Marni: That might win you Prom Queen, especially at the Pepsi Beverages prom. (laughs) With new technologies and approaches emerging seemingly daily when it comes to digital solutions, how do you stay abreast of the possibilities and sift through them to get to what is valuable for your customers and consumers?
John: I think it’s a question of how confident you are in your own media strategy and how you’ve worked to simplify it to be very clear as to what you need to focus on. There’s lots of emerging technologies that claim to be very differentiated from each other when these technologies first appear, but you need to have a longer-term view in terms of who you want to work with; whether you want to work with them exclusively or whether perhaps one offering has gotten to a point that will scale and can impact on business. I think there’s lots of great ideas out there but scale is an absolute requirement in order for us to be able to innovate for our brands. And so we’ve found more and more ways, not to do just simple lunch ‘n learns but to invite in the most requested customers across different parts of the organization and let them compete in front of our associates and for them to be able to win some customer innovation type opportunities. And I think that what’s exciting about it is to be more proactive as to who you want to work with and why you want to work within the big companies with portfolios of brands are not always the easiest for emerging companies or small-startups to work with and so we’d like to really focus on the expectations of the partnership and what we can expect to get out of it for each other, because a lot of times things that are succeeding for one brand in the vast portfolio can be repurposed and leverage those learnings for another brand. And that’s what’s very exciting – seeing how those companies evolve. A lot of our brands were the first on Instagram, they were the first to use Facebook, they are some of the largest brand platforms on places like Twitter and then we’ve had lots of different competitions and educational summits to work with startups and to learn about not only what they do but advise them on how to work with big brands like the ones that we manage.

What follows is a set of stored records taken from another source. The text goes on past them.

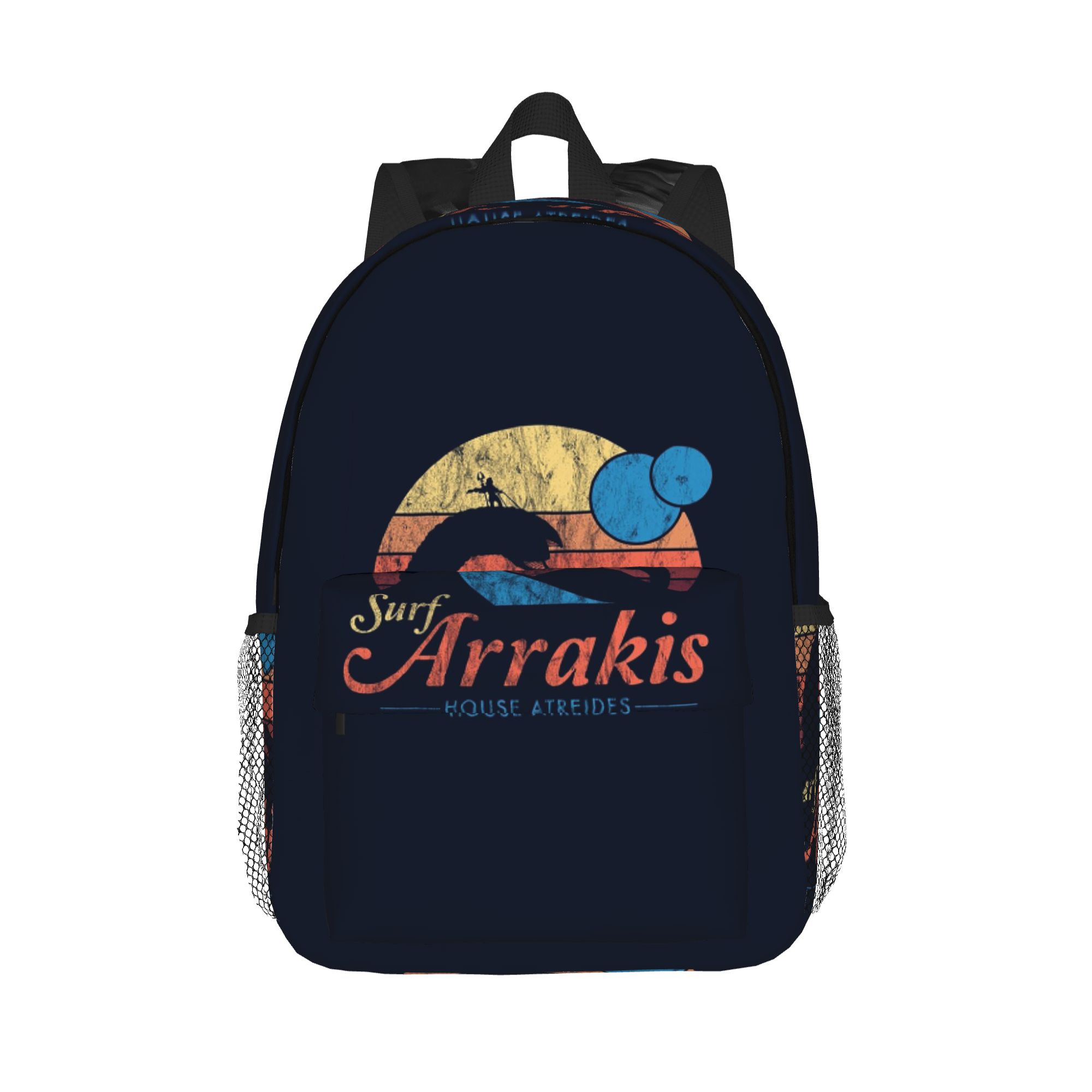 Visit Arrakis Distressed Surf  – Women Bags Dune Bewertung und Preis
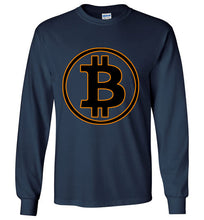 Bitcoin Gold - Long Sleeve T-Shirt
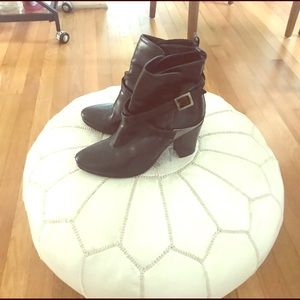 Pied A Terre Booties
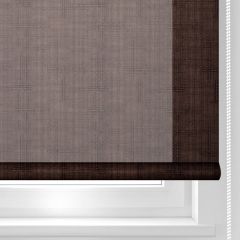 Rullo žalūzija 80x170 см, 015-8, tumši brūna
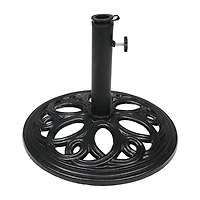 Sunnydaze Collection Patio Umbrella Base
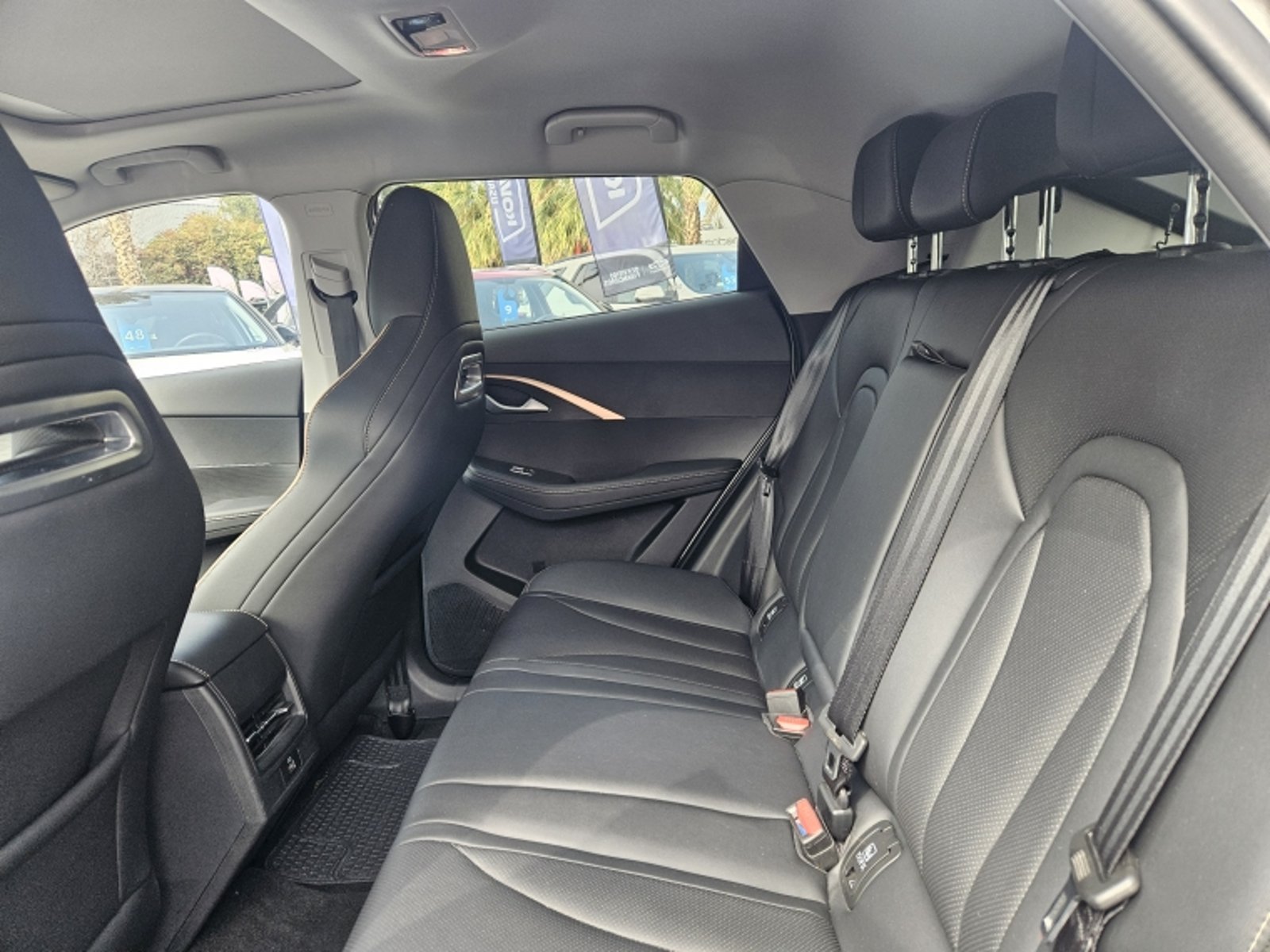 OMODA C5 PRESTIGE 1.5 AUT 2024 - Imagen 8 de 20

Marni: Got it. John – I want to thank you so much for your time. I’m so excited that you will be joining us to speak at the Pivot conference in New York City on October 29th, and we’ll be able to learn more about the great work you’re doing at Pepsi Beverages and how you’re tackling the major challenges of providing useful digital media solutions.
John: Great – thank you so much. I really enjoyed participating last year and I’m really looking forward to getting together again this fall.